What is required: Retype the data that follows exactly. No pictures belong in the copy.
(Records supplied Opens)
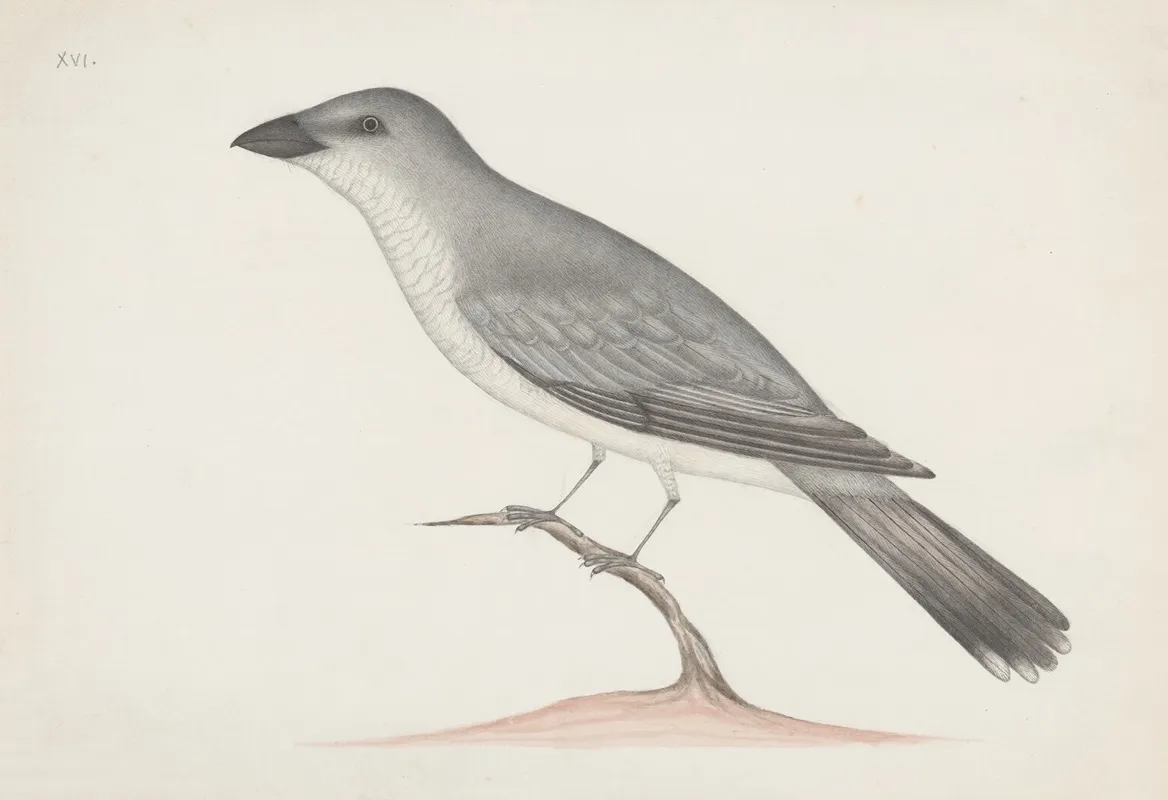 Indian Birds Pl 15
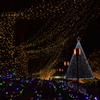 多摩センター イルミネーション 2015 12/14 DSC_2222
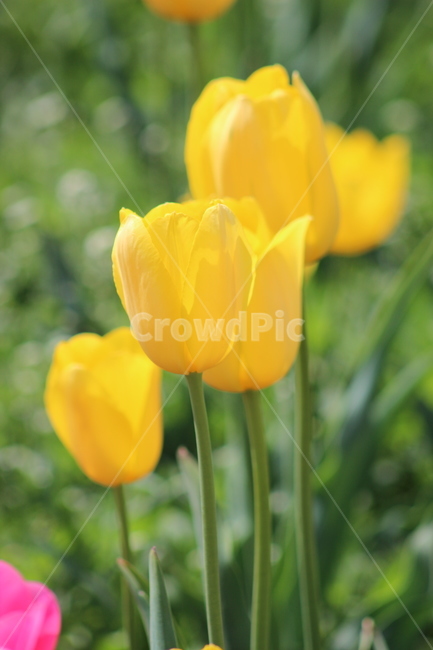 튤립,꽃,정물,화사,접사,봄,계절,spring,season,식물,자연,plants,nature,꽃,flower,plant,blossom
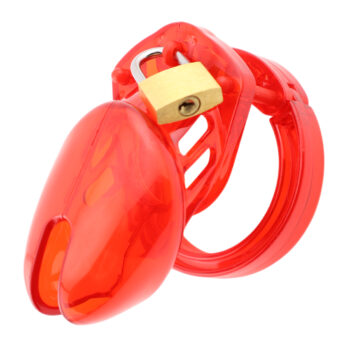 Jaula de Castidad CB6000s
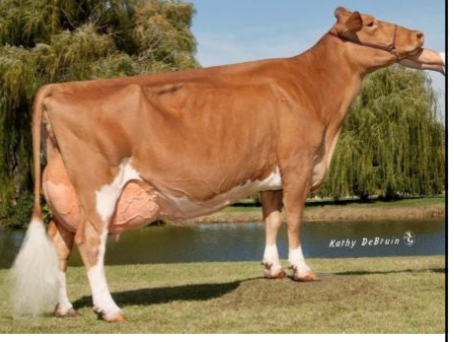 <p>DAIRY CATTLE BREEDS: what is the breed, origin, size, milk, and milk fat?</p>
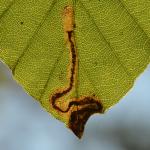 Stigmella hemargyrella - Furfooz ~ Parc naturelle de Furfooz (Namen) 09-10-2021 ©Steve Wullaert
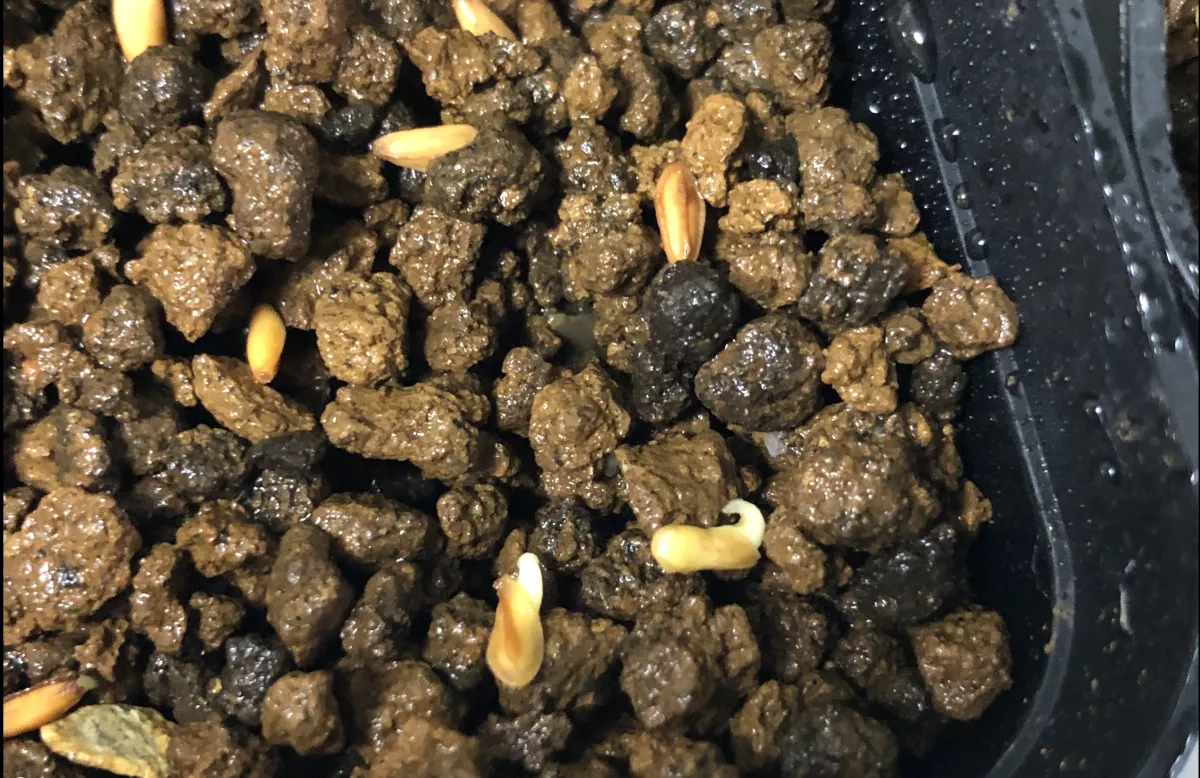 Pachypodium densiflorum var. densiflorum (パキポディウム デンシフローラム)
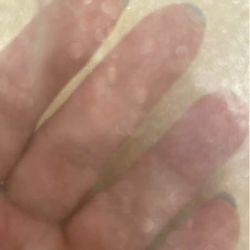 fabric Sheer organza beige off white sewing dressmaking cloth material gift bag wrapping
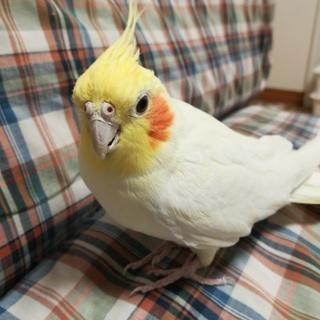 里親様が決まりました！ オカメインコ男の子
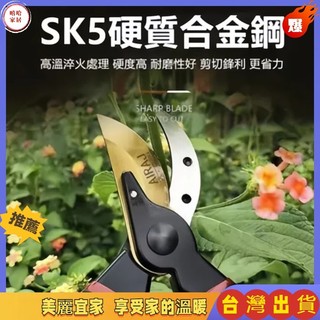 優選🏆 粗枝剪刀 修花剪刀 果樹剪 園藝工具 花藝剪刀 SK5 樹枝剪 園藝剪 花剪 園藝剪刀 修枝剪 高枝剪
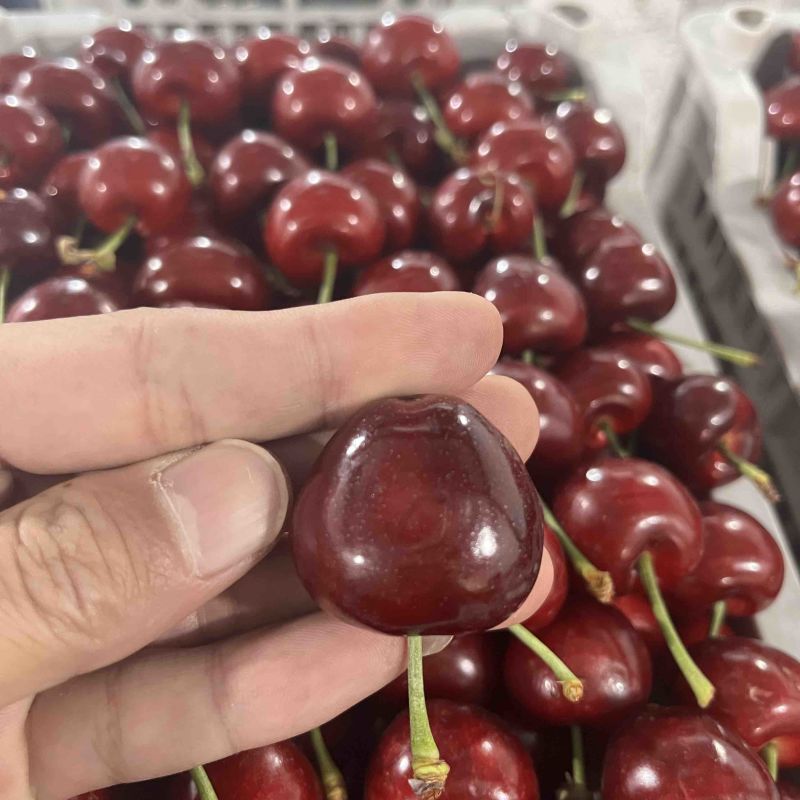 大樱桃樱桃美早先锋红灯产区电商一件代发，批发市场零均可供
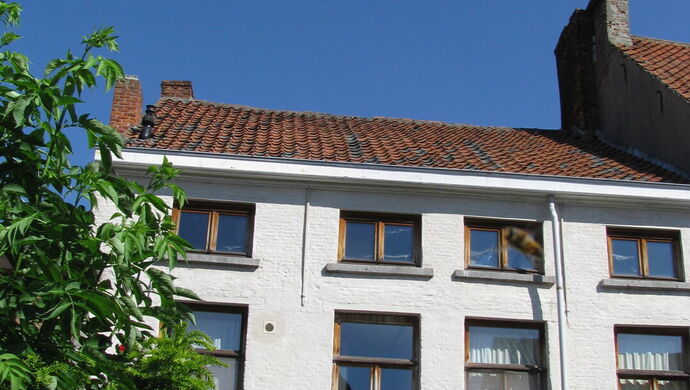 Herenhuis te koop in Sint-Niklaas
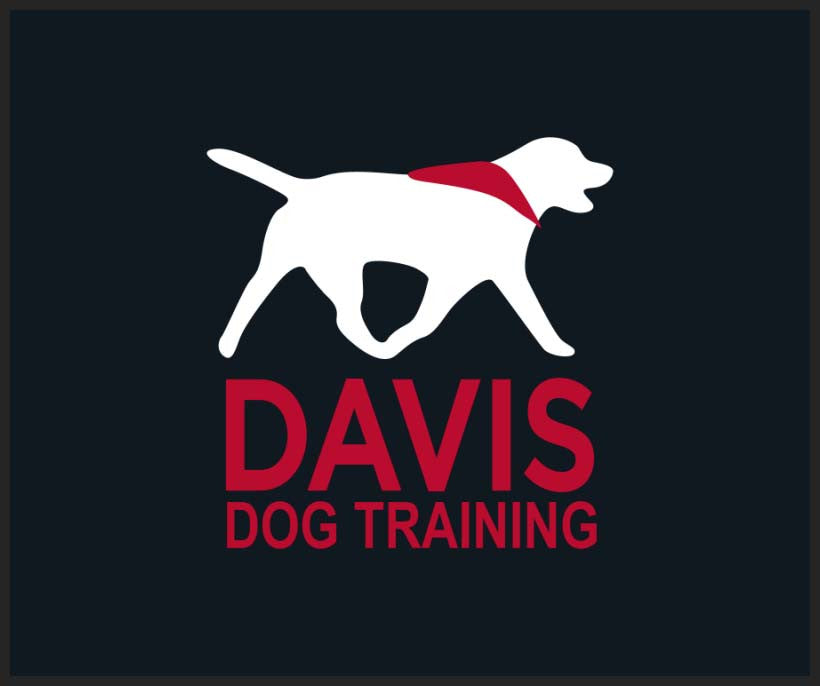 Davis Dog Training 2.5 x 3 Rubber Scraper - The Personalized Doormats Company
(Records supplied Closes)
Response area:
 Indian Birds Pl 15
 多摩センター イルミネーション 2015 12/14 DSC_2222
 튤립,꽃,정물,화사,접사,봄,계절,spring,season,식물,자연,plants,nature,꽃,flower,plant,blossom
 Jaula de Castidad CB6000s
 <p>DAIRY CATTLE BREEDS: what is the breed, origin, size, milk, and milk fat?</p>
 Stigmella hemargyrella - Furfooz ~ Parc naturelle de Furfooz (Namen) 09-10-2021 ©Steve Wullaert
 Pachypodium densiflorum var. densiflorum (パキポディウム デンシフローラム)
 fabric Sheer organza beige off white sewing dressmaking cloth material gift bag wrapping
 里親様が決まりました！ オカメインコ男の子
 優選🏆 粗枝剪刀 修花剪刀 果樹剪 園藝工具 花藝剪刀 SK5 樹枝剪 園藝剪 花剪 園藝剪刀 修枝剪 高枝剪
 大樱桃樱桃美早先锋红灯产区电商一件代发，批发市场零均可供
 Herenhuis te koop in Sint-Niklaas
 Davis Dog Training 2.5 x 3 Rubber Scraper - The Personalized Doormats Company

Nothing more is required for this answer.